4 min read

Puma Patches

On the benefits of gardening to hunt
puma at a kill
A puma with its kill in Chile. Photo by Daniel Dietrich

New research is increasingly highlighting how pumas (also known as cougars or mountain lions) play a critical ecological role through a strategy known as "garden to hunt."

Note: I prefer calling these beautiful cats mountain lions, but in today's newsletter I'll use puma because it's the name used in South America, where my friend Daniel Dietrich took these photos, and it's the name most often used by scientists who are publishing papers on this topic.

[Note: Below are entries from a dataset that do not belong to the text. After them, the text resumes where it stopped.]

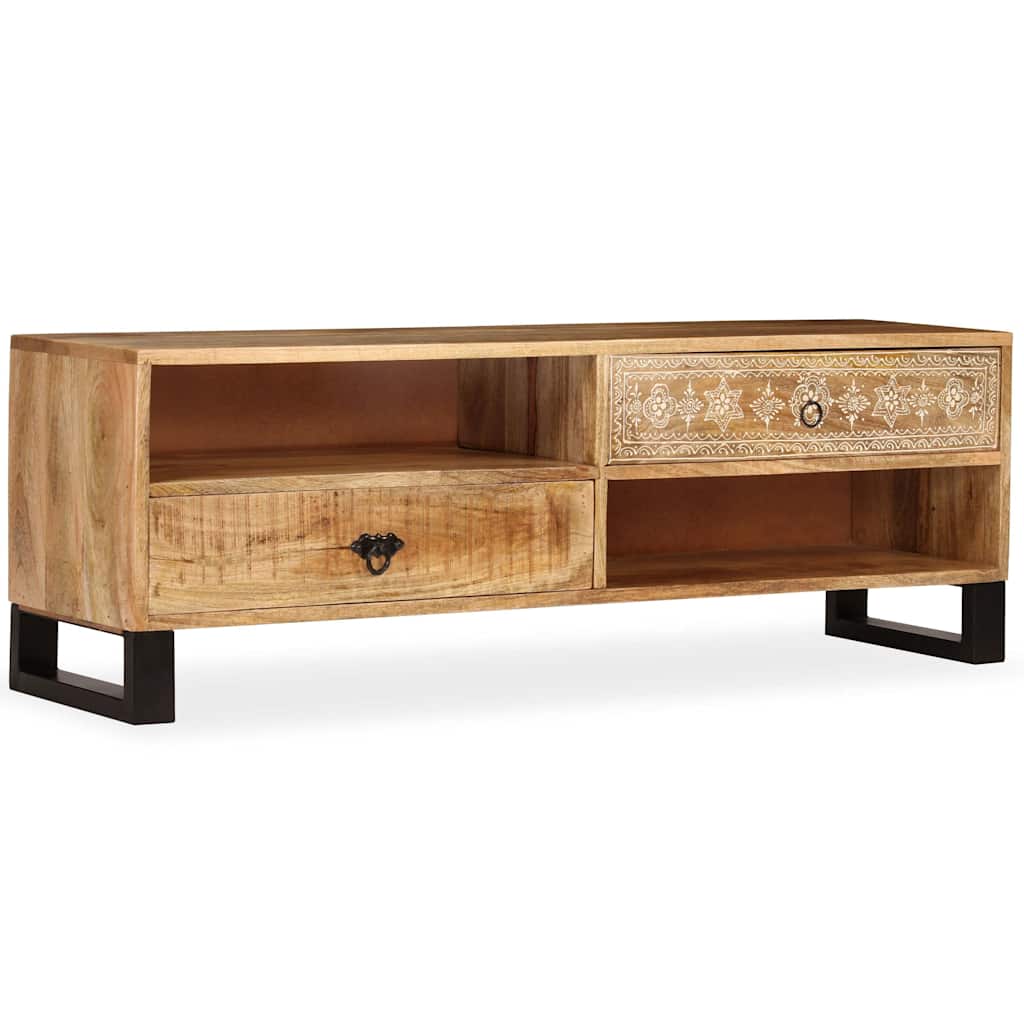 244940 vidaXL TV Cabinet Solid Mango Wood 120x30x40 cm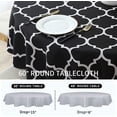 thumbnail image 7 of Elegant Trellis Print Indoor Tablecloth Waterproof, Spillproof Polyester Fabric Table Cover for Banquet Holidays, 7 of 7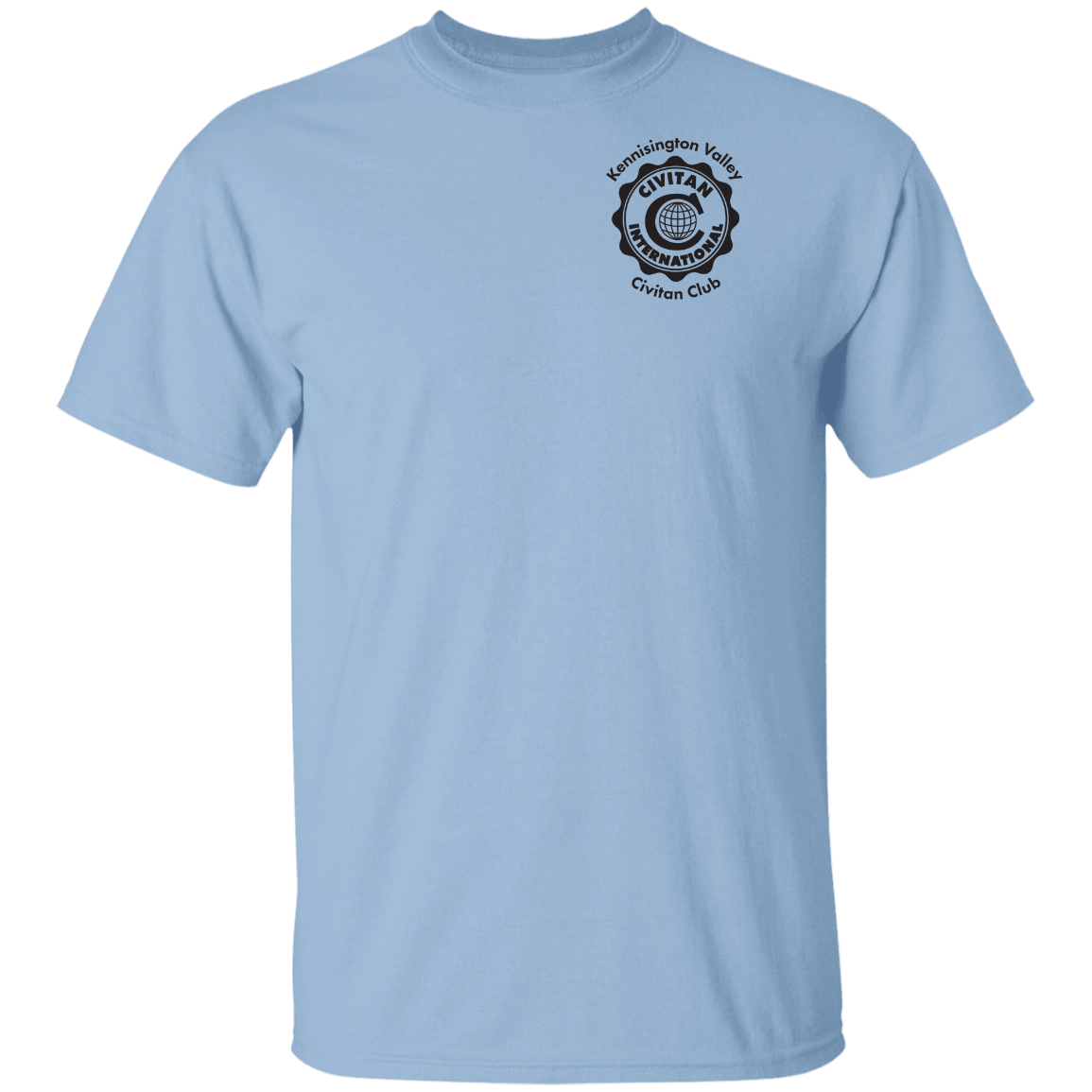 T-Shirts Light Blue / S Civitan Front-Rear Printed BW Gildan T-Shirt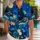 Cobalt Starry Night Swirls for Summer Lounging, Couples’ Getaways, and Gift Giving Hawaiian Shirt - 1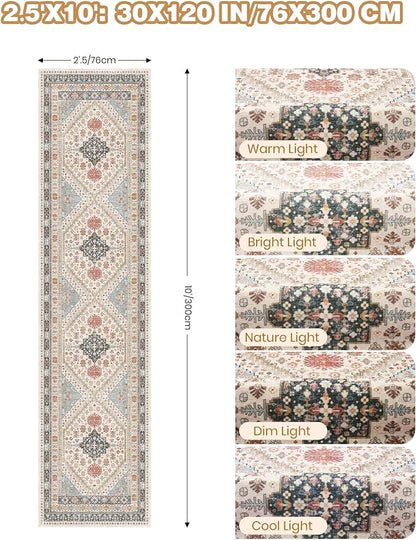 Kitchen Runner Rug Non Slip Washable Rugs 2.5x10, Carpet Runner - Image 2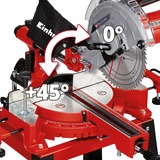 EINHELL Sega combinata da banco scorrevole e ingletatrice, Sega mitra/Troncatrice rosso/Nero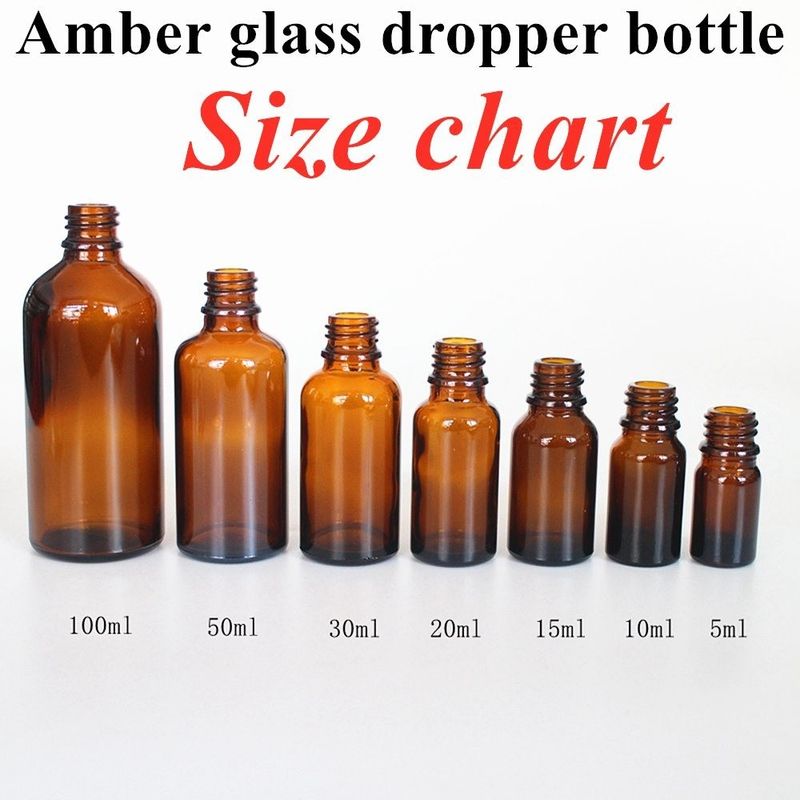 কসমেটিকস ত্বকের যত্ন 10ml 20ml 30ml 50ml 100ml খালি বৃত্তাকার প্রয়োজনীয় তেল গ্লাস ড্রপপার বোতল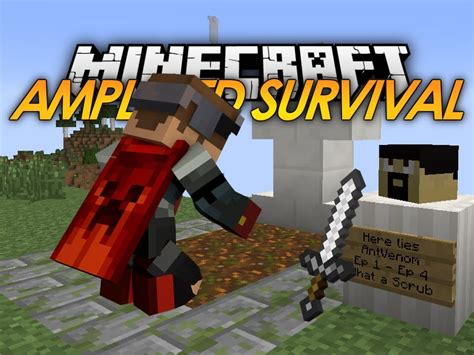 Minecraft Amplified Hardcore Survival Rip Antvenom Youtube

Pumas can be found almost everywhere, from the wildest wilderness to the urban neighborhoods of large cities. In fact, you'd never know it, but pumas frequently spend their days sleeping alongside popular hiking trails, then waking up at night to walk those same trails.

puma
A puma can easily hide in plain sight if it wants to. Photo by Daniel Dietrich

Pumas live in a wide variety of habitats from southern Canada to the tip of South America, yet most people will never see one. Part of the reason is that pumas have huge territories (a male's territory can reach 500 square miles), which means they are widely scattered and easily overlooked as an important part of an area's ecological health.

puma on lookout
A puma patrols and watches over a vast landscape. Photo by Daniel Dietrich

One of the things you might hear about pumas is that they are voracious killing machines with a taste for deer meat. This is mostly true, but far fewer people have done the math in their heads and thought about the implications of this "carnage."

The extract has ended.